Leave out the pictures and retype everything else in the records below exactly.

* [Available data]
►
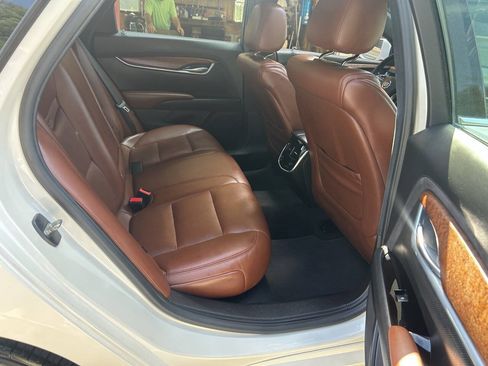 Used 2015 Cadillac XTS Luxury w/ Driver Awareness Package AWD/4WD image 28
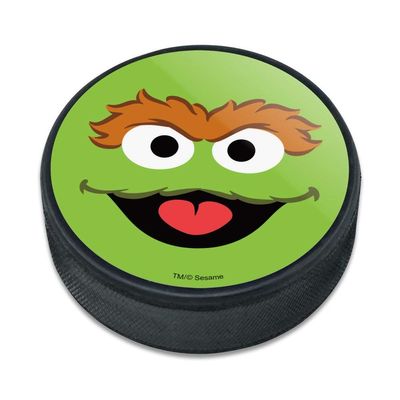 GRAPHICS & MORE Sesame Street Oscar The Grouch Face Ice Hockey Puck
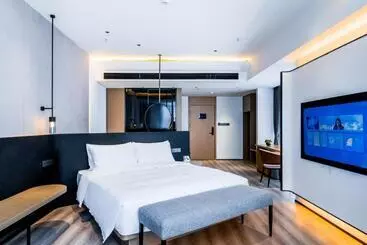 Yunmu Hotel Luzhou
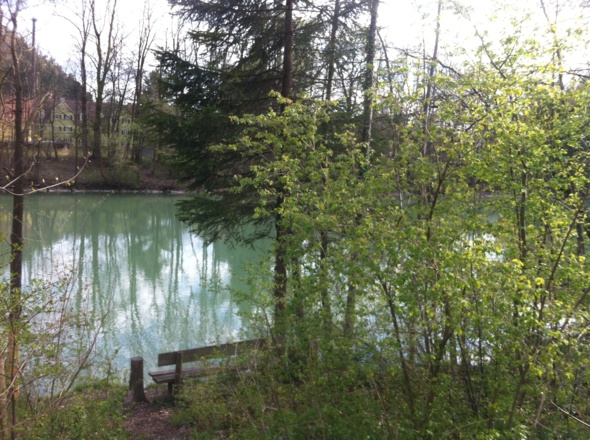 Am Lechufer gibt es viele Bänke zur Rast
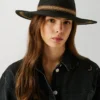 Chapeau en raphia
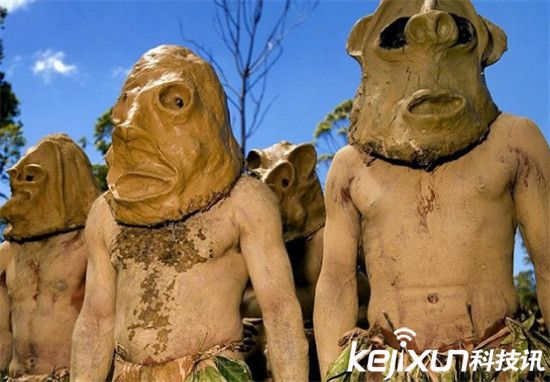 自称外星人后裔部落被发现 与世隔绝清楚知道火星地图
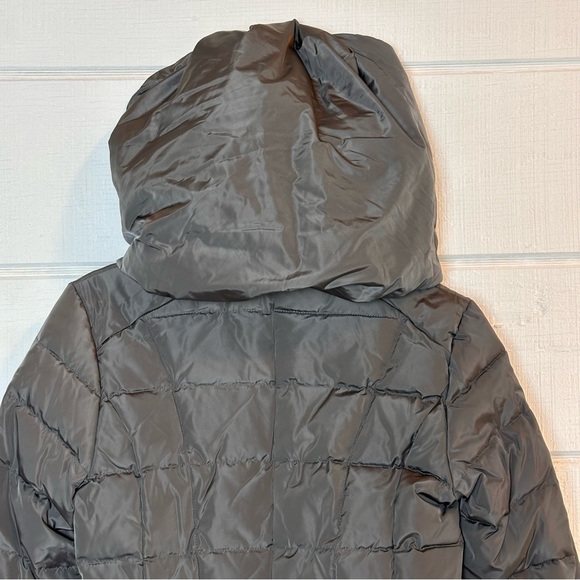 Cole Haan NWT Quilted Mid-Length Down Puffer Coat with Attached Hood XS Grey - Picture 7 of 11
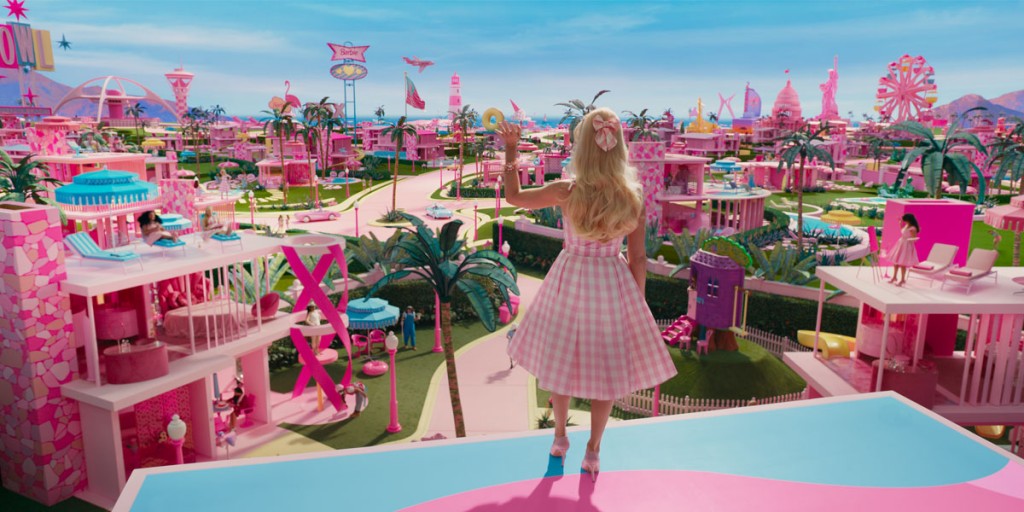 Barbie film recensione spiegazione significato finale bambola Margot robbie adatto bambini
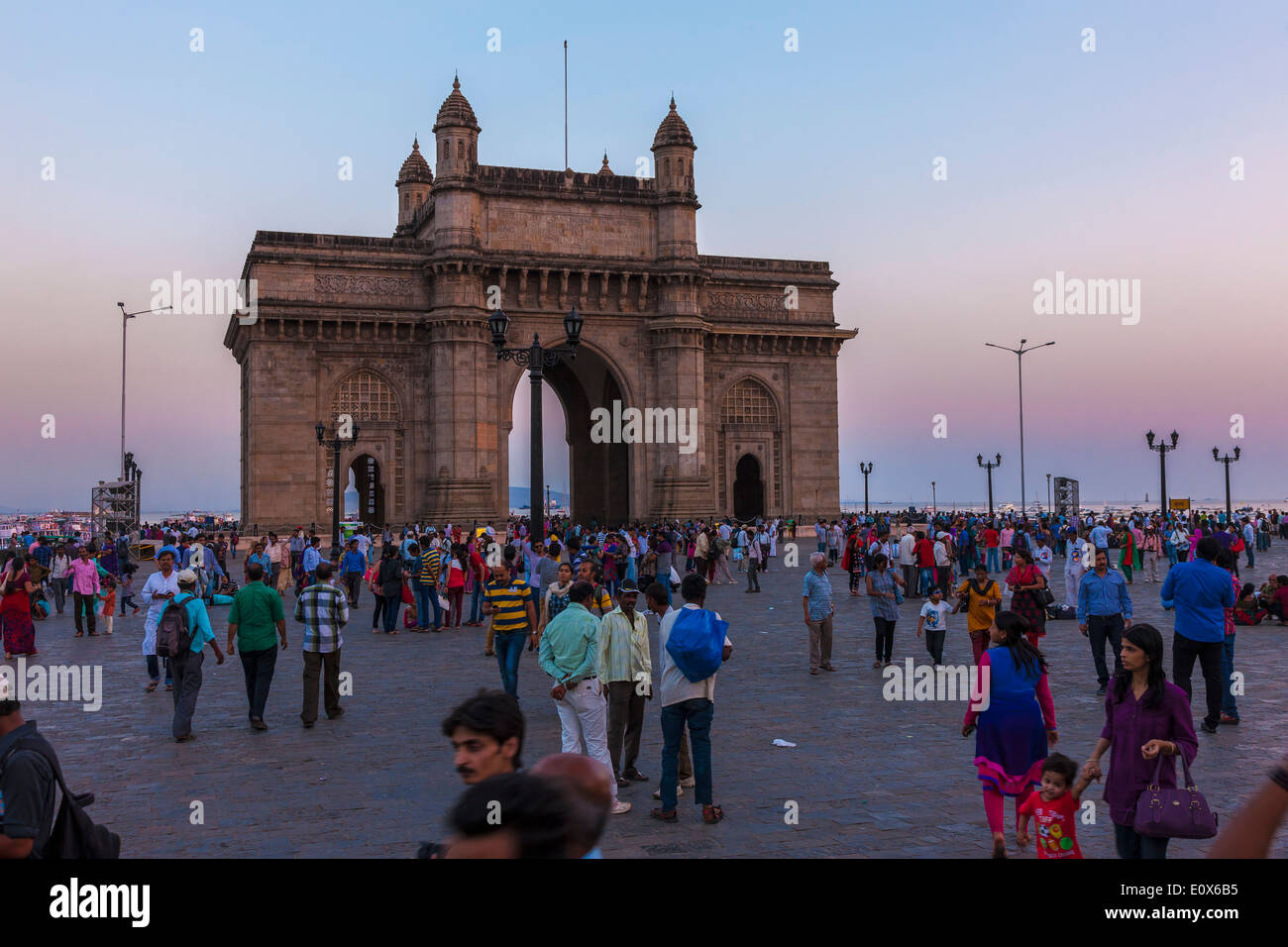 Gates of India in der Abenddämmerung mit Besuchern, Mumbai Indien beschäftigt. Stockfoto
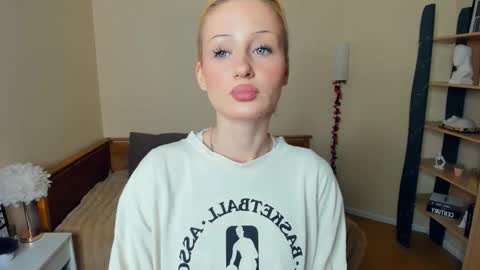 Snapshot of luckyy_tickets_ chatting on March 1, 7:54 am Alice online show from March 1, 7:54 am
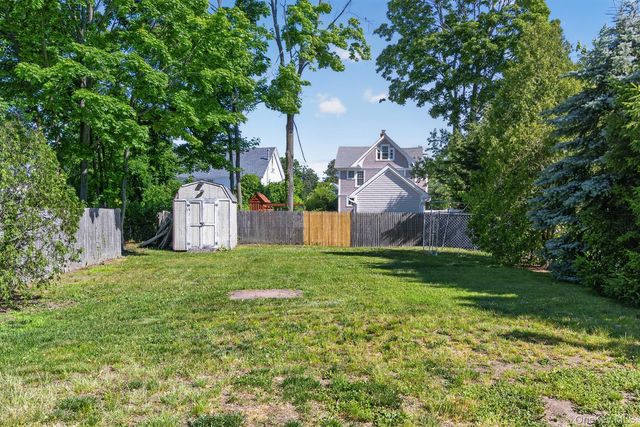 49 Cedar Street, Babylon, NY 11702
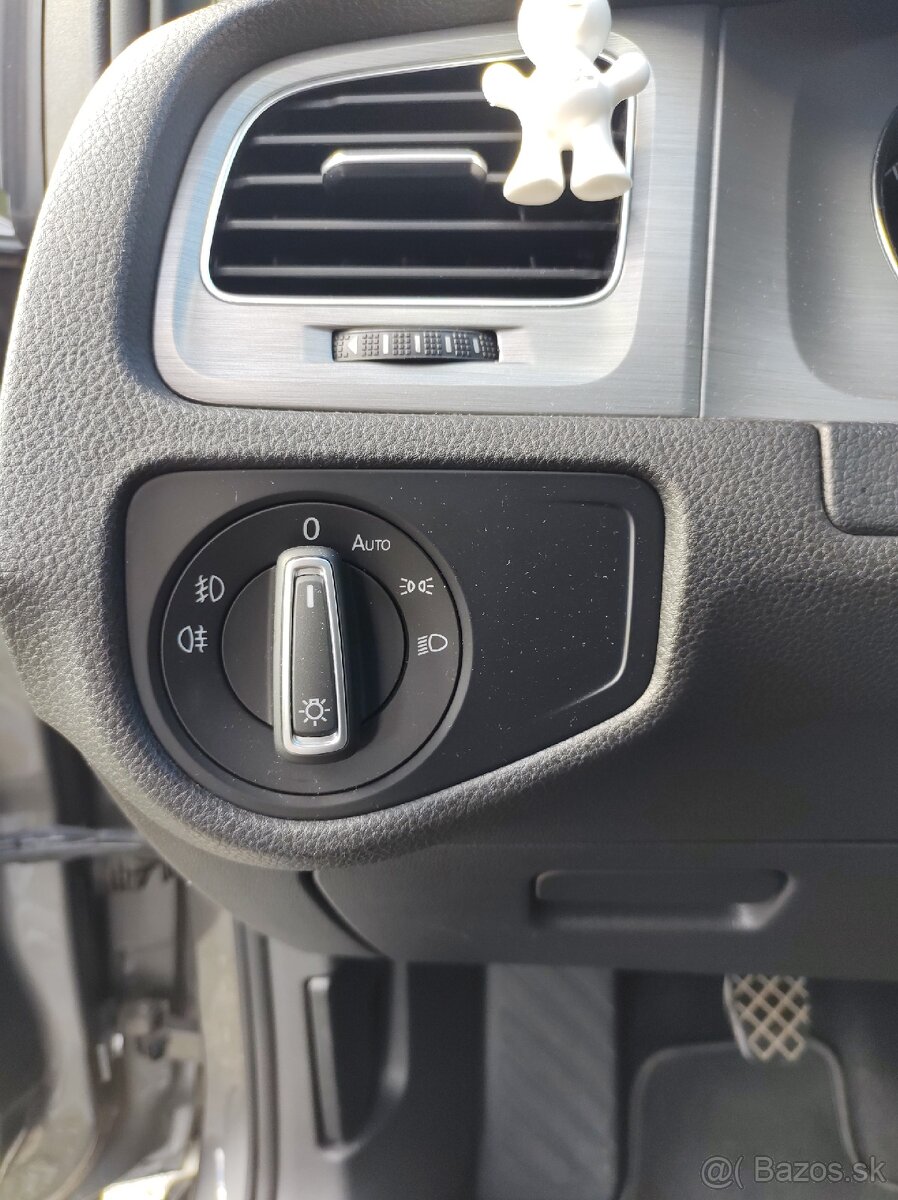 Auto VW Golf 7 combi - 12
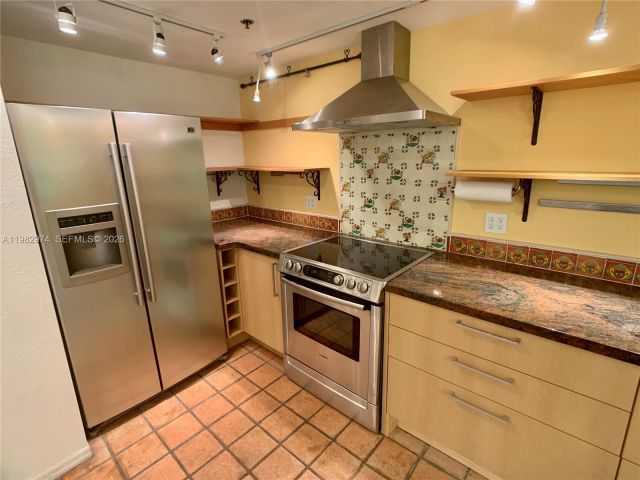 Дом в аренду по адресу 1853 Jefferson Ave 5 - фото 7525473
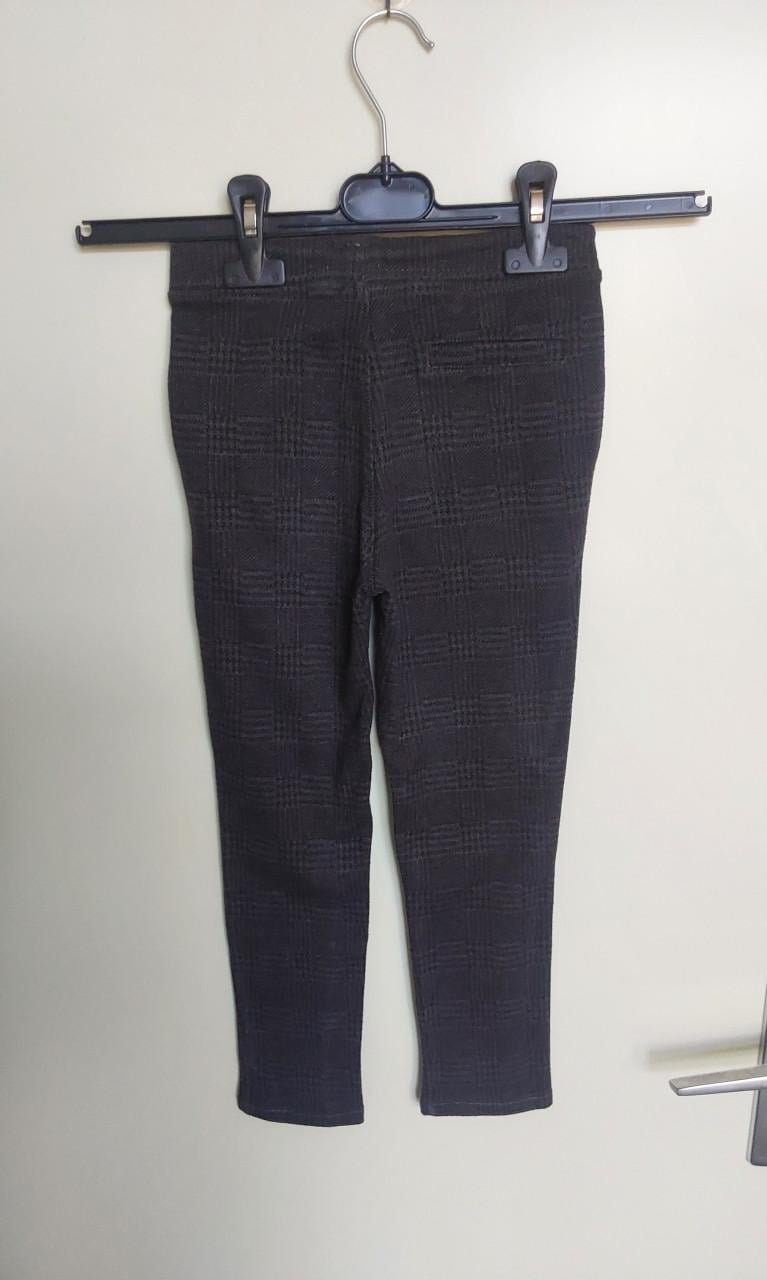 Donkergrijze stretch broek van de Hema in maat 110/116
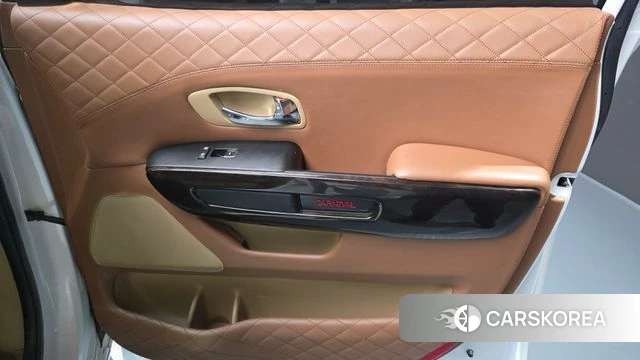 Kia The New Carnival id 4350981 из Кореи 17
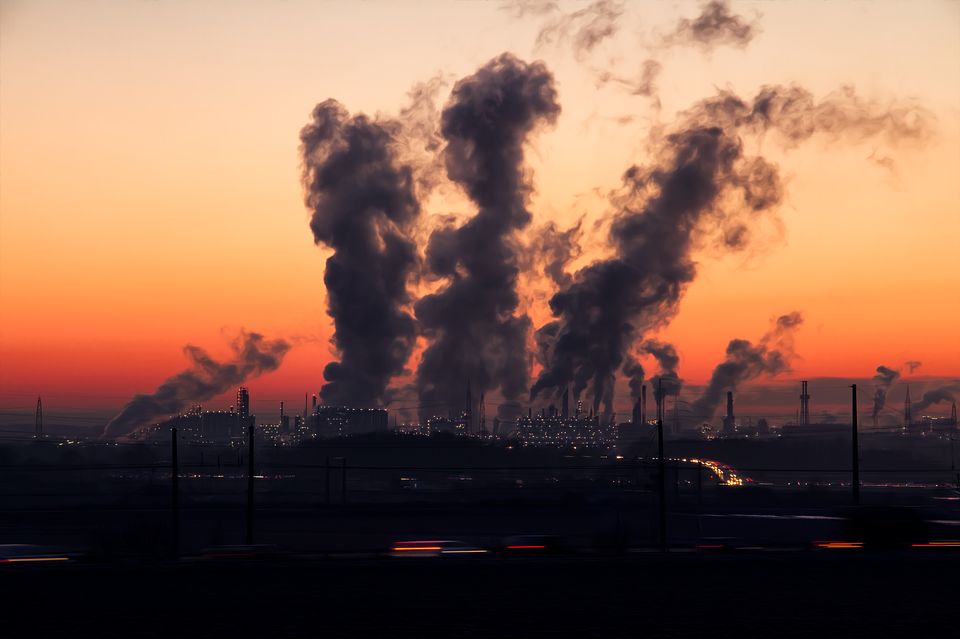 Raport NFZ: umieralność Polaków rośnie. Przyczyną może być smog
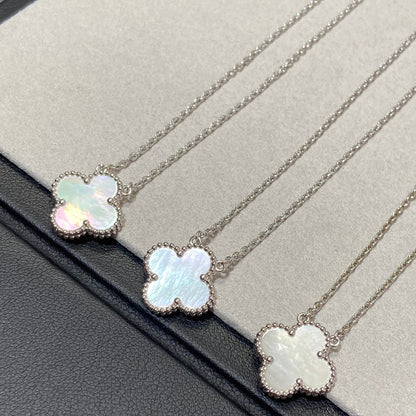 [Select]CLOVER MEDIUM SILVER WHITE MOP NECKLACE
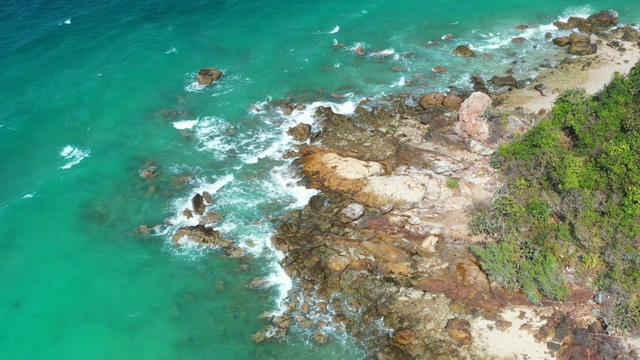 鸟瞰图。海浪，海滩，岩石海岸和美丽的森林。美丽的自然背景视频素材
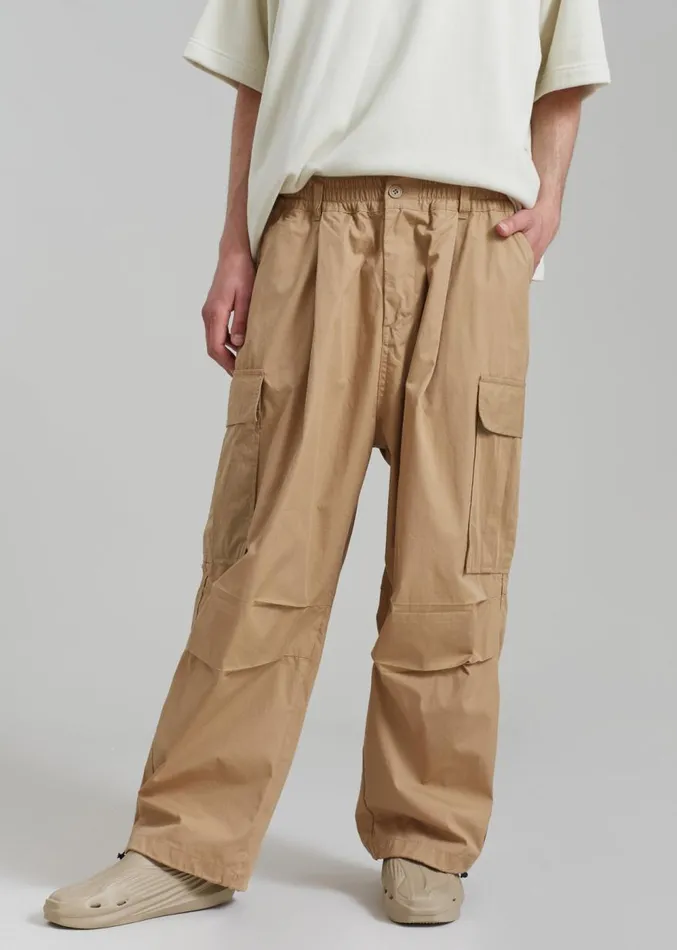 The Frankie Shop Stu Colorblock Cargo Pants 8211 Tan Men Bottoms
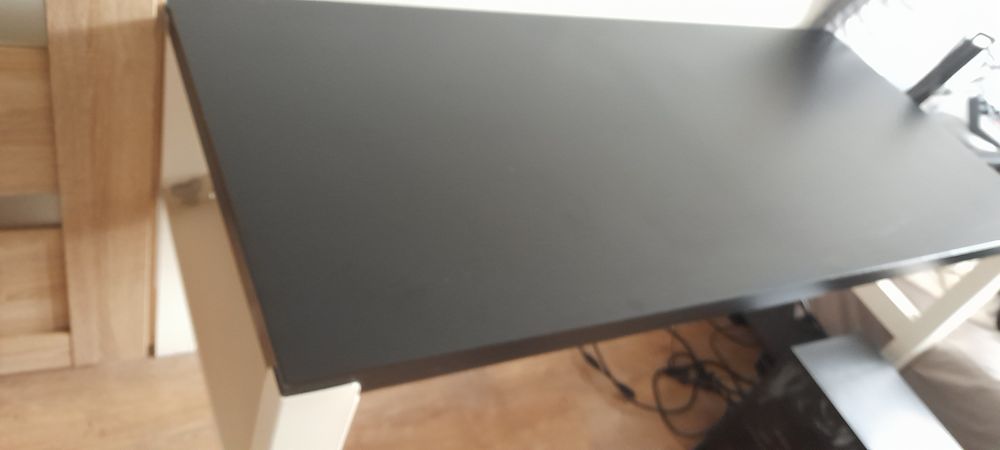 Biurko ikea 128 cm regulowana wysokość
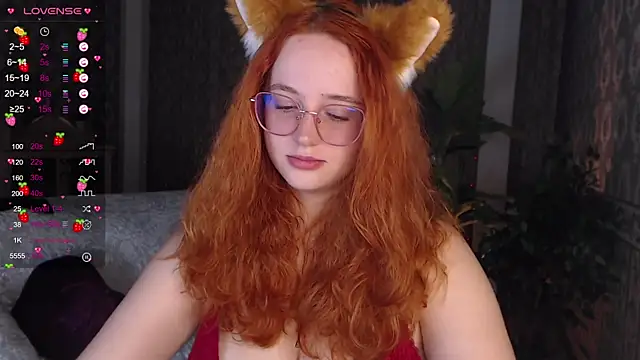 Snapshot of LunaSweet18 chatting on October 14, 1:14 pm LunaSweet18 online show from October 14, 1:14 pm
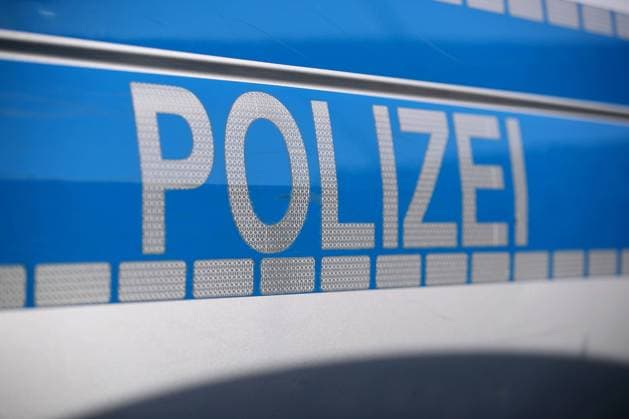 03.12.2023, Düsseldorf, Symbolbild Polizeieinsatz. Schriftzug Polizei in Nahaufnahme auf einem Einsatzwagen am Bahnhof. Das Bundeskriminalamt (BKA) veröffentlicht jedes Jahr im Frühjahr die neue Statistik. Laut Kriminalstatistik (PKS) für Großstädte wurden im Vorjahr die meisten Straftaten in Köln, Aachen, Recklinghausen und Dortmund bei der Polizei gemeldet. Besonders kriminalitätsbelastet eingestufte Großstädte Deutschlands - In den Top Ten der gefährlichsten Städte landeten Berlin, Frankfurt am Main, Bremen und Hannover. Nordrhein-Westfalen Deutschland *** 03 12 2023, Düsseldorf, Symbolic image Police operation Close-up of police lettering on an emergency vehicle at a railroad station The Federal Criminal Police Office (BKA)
◄
* [Solution for this problem]
 Used 2015 Cadillac XTS Luxury w/ Driver Awareness Package AWD/4WD image 28
 GRAPHICS & MORE Sesame Street Oscar The Grouch Face Ice Hockey Puck
 Yunmu Hotel Luzhou
 Am Lechufer gibt es viele Bänke zur Rast
 Chapeau en raphia
 自称外星人后裔部落被发现 与世隔绝清楚知道火星地图
 Cole Haan NWT Quilted Mid-Length Down Puffer Coat with Attached Hood XS Grey - Picture 7 of 11
 Barbie film recensione spiegazione significato finale bambola Margot robbie adatto bambini
 Gates of India in der Abenddämmerung mit Besuchern, Mumbai Indien beschäftigt. Stockfoto
 Snapshot of luckyy_tickets_ chatting on March 1, 7:54 am Alice online show from March 1, 7:54 am
 49 Cedar Street, Babylon, NY 11702
 Auto VW Golf 7 combi - 12
 Дом в аренду по адресу 1853 Jefferson Ave 5 - фото 7525473
 Donkergrijze stretch broek van de Hema in maat 110/116
 Kia The New Carnival id 4350981 из Кореи 17
 Raport NFZ: umieralność Polaków rośnie. Przyczyną może być smog
 [Select]CLOVER MEDIUM SILVER WHITE MOP NECKLACE
 鸟瞰图。海浪，海滩，岩石海岸和美丽的森林。美丽的自然背景视频素材
 The Frankie Shop Stu Colorblock Cargo Pants 8211 Tan Men Bottoms
 Biurko ikea 128 cm regulowana wysokość
 Snapshot of LunaSweet18 chatting on October 14, 1:14 pm LunaSweet18 online show from October 14, 1:14 pm
 03.12.2023, Düsseldorf, Symbolbild Polizeieinsatz. Schriftzug Polizei in Nahaufnahme auf einem Einsatzwagen am Bahnhof. Das Bundeskriminalamt (BKA) veröffentlicht jedes Jahr im Frühjahr die neue Statistik. Laut Kriminalstatistik (PKS) für Großstädte wurden im Vorjahr die meisten Straftaten in Köln, Aachen, Recklinghausen und Dortmund bei der Polizei gemeldet. Besonders kriminalitätsbelastet eingestufte Großstädte Deutschlands - In den Top Ten der gefährlichsten Städte landeten Berlin, Frankfurt am Main, Bremen und Hannover. Nordrhein-Westfalen Deutschland *** 03 12 2023, Düsseldorf, Symbolic image Police operation Close-up of police lettering on an emergency vehicle at a railroad station The Federal Criminal Police Office (BKA)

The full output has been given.